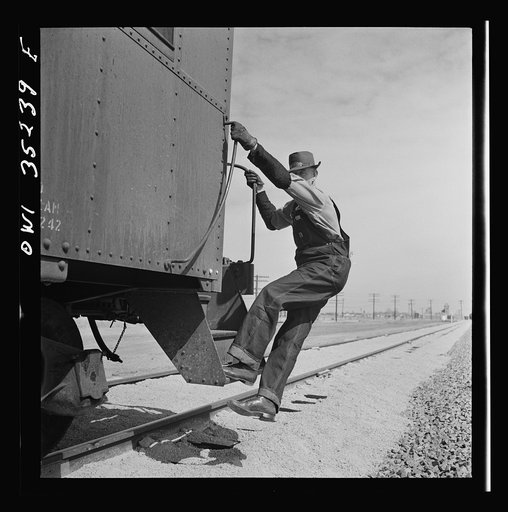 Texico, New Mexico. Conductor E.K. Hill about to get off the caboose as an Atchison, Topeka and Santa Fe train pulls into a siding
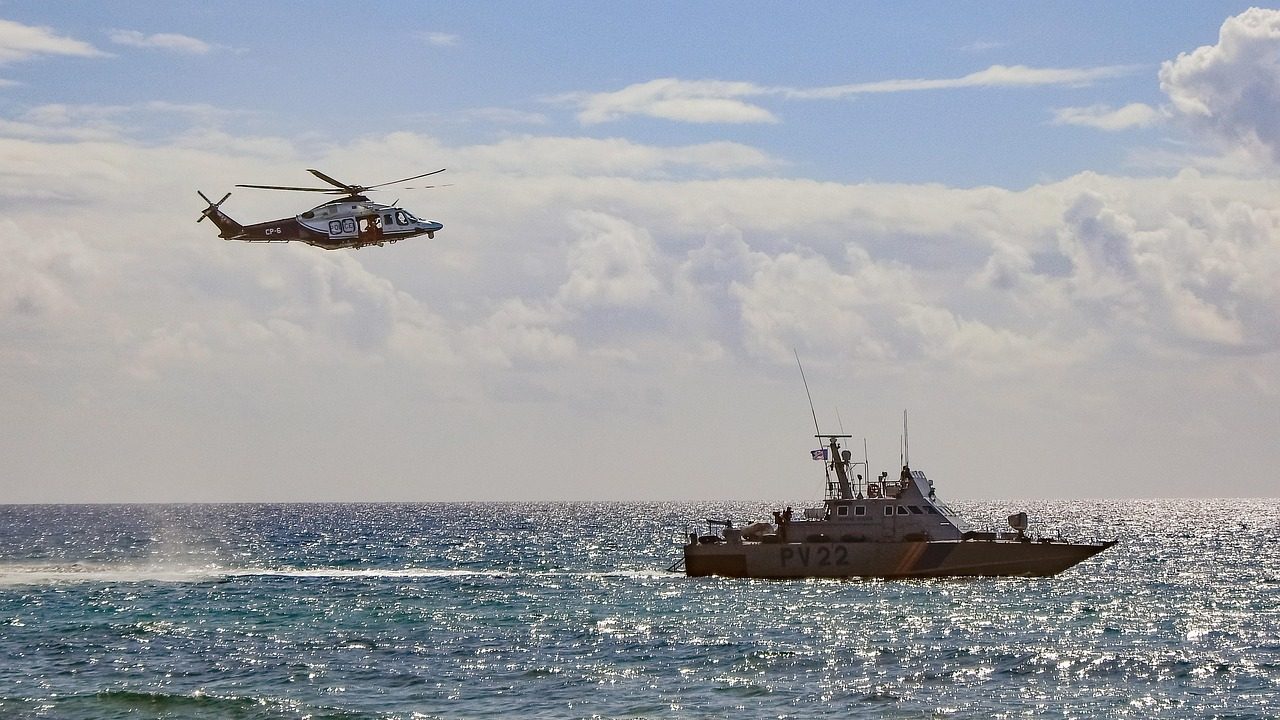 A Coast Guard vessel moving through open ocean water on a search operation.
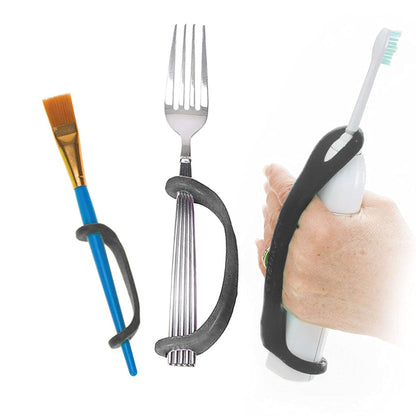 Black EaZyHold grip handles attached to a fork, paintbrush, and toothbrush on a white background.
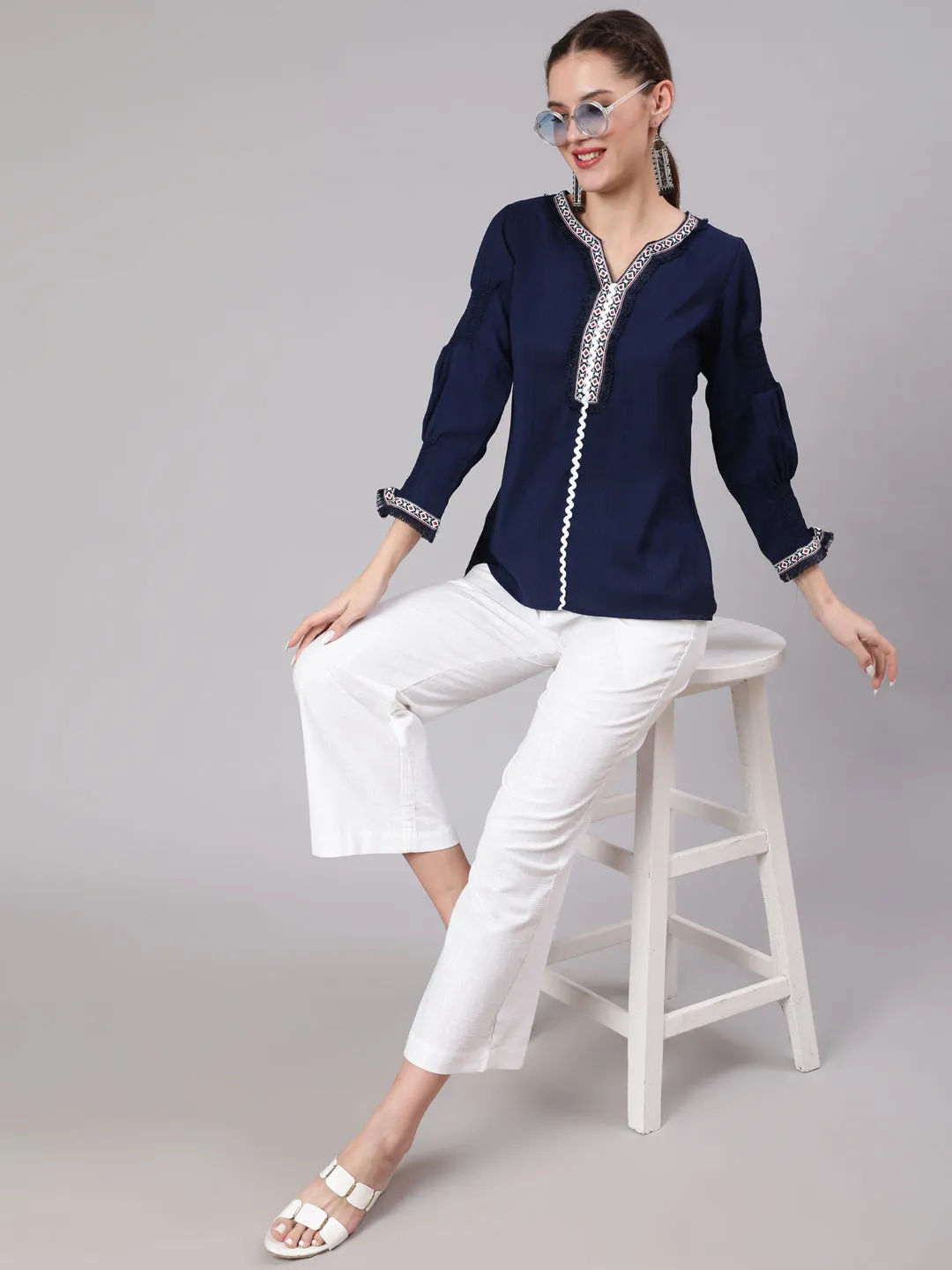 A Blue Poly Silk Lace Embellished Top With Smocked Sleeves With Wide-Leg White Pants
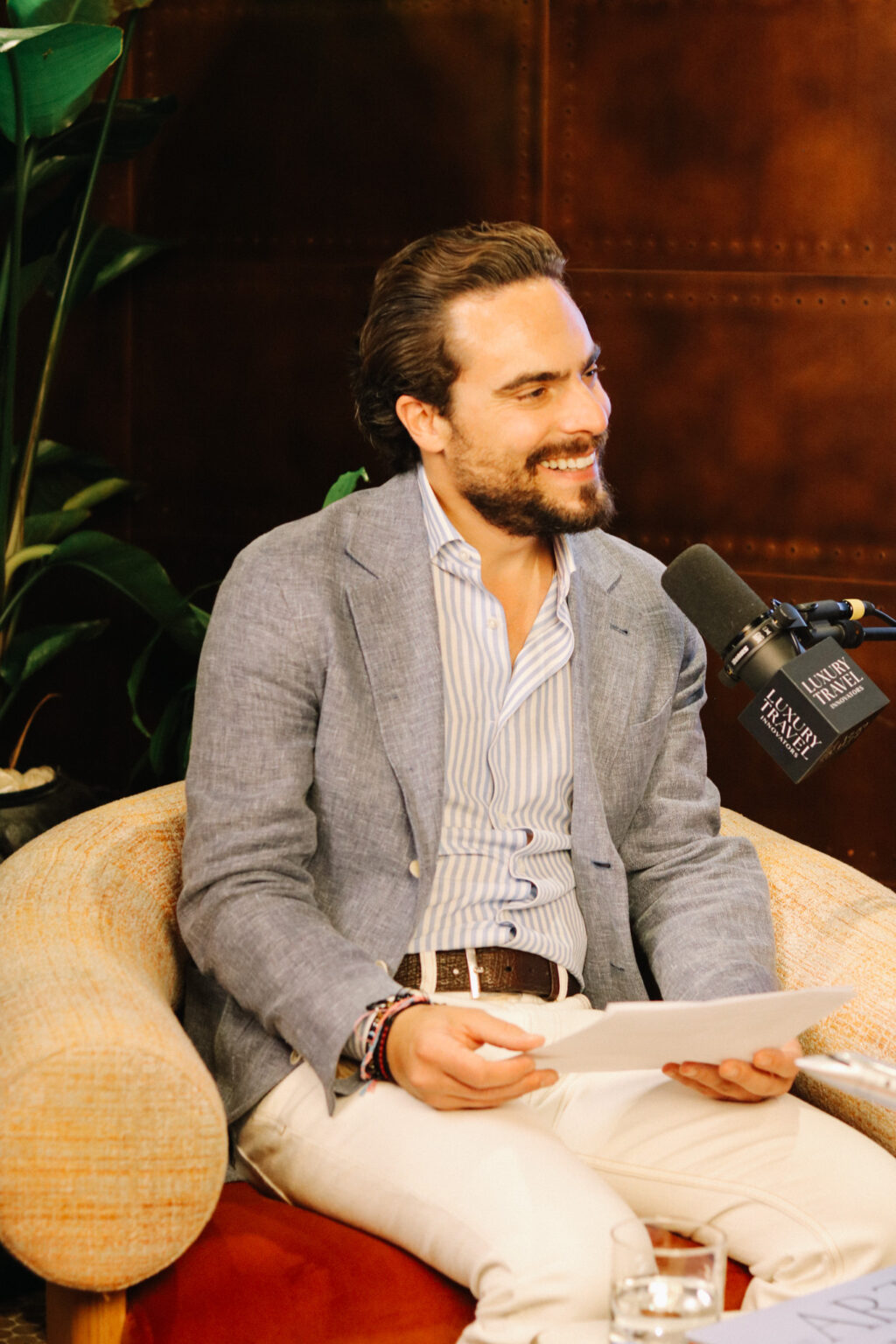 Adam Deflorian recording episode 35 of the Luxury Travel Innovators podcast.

━━━━

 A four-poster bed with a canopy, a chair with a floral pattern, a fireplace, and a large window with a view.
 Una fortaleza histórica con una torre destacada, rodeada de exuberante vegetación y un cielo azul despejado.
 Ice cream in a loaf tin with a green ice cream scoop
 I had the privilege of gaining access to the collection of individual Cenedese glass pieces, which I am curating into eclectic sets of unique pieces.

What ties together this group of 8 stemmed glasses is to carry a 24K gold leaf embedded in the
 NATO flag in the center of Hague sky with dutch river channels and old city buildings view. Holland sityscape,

━━━━

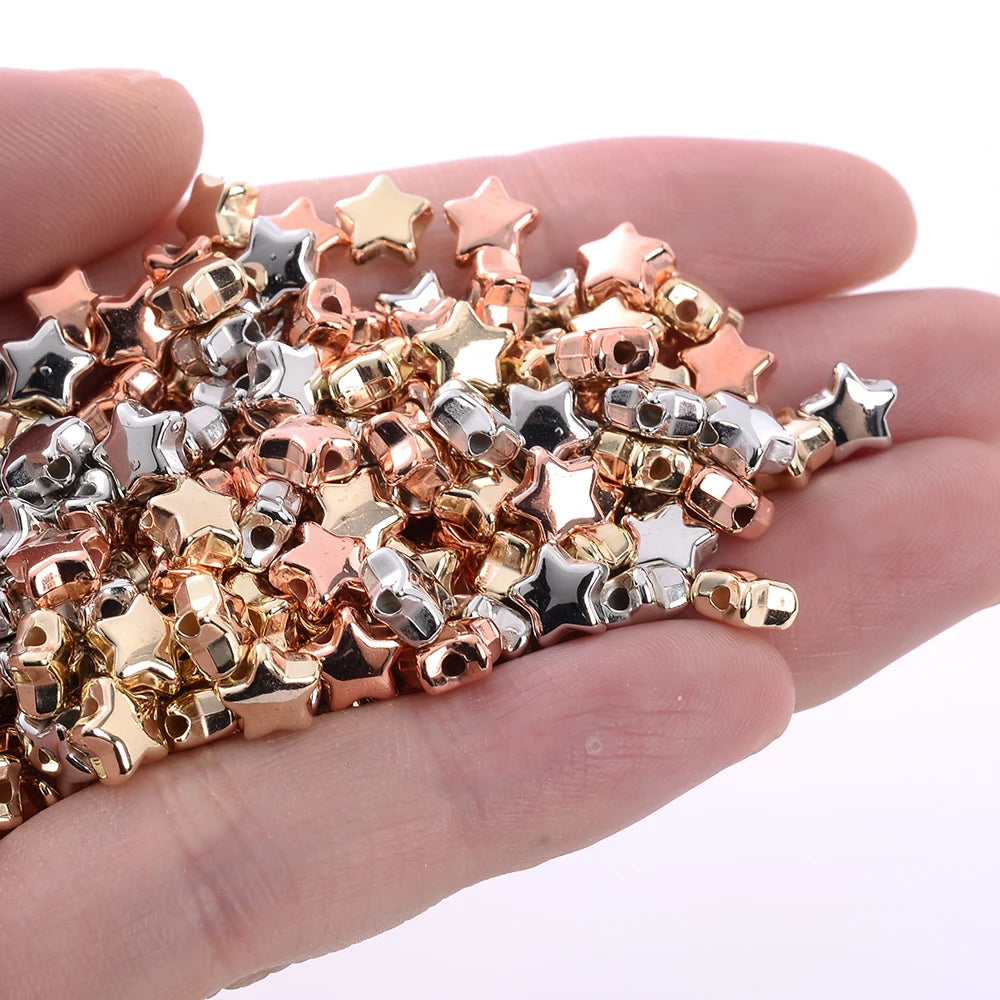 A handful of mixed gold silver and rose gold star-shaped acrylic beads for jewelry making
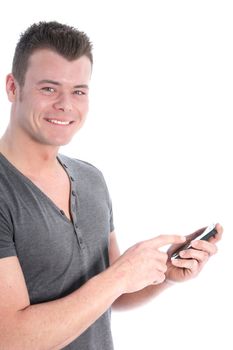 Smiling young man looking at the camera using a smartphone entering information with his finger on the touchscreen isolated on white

━━━━

EXERCISE GOAL - What's needed is an exact copy of the lines above from the one with "A Coast Guard" through the one with "Adam Deflorian recording", both included; the pictures stay out.

WRITTEN RESPONSE -
 A Coast Guard vessel moving through open ocean water on a search operation.
 Black EaZyHold grip handles attached to a fork, paintbrush, and toothbrush on a white background.
 A Blue Poly Silk Lace Embellished Top With Smocked Sleeves With Wide-Leg White Pants
 Adam Deflorian recording episode 35 of the Luxury Travel Innovators podcast.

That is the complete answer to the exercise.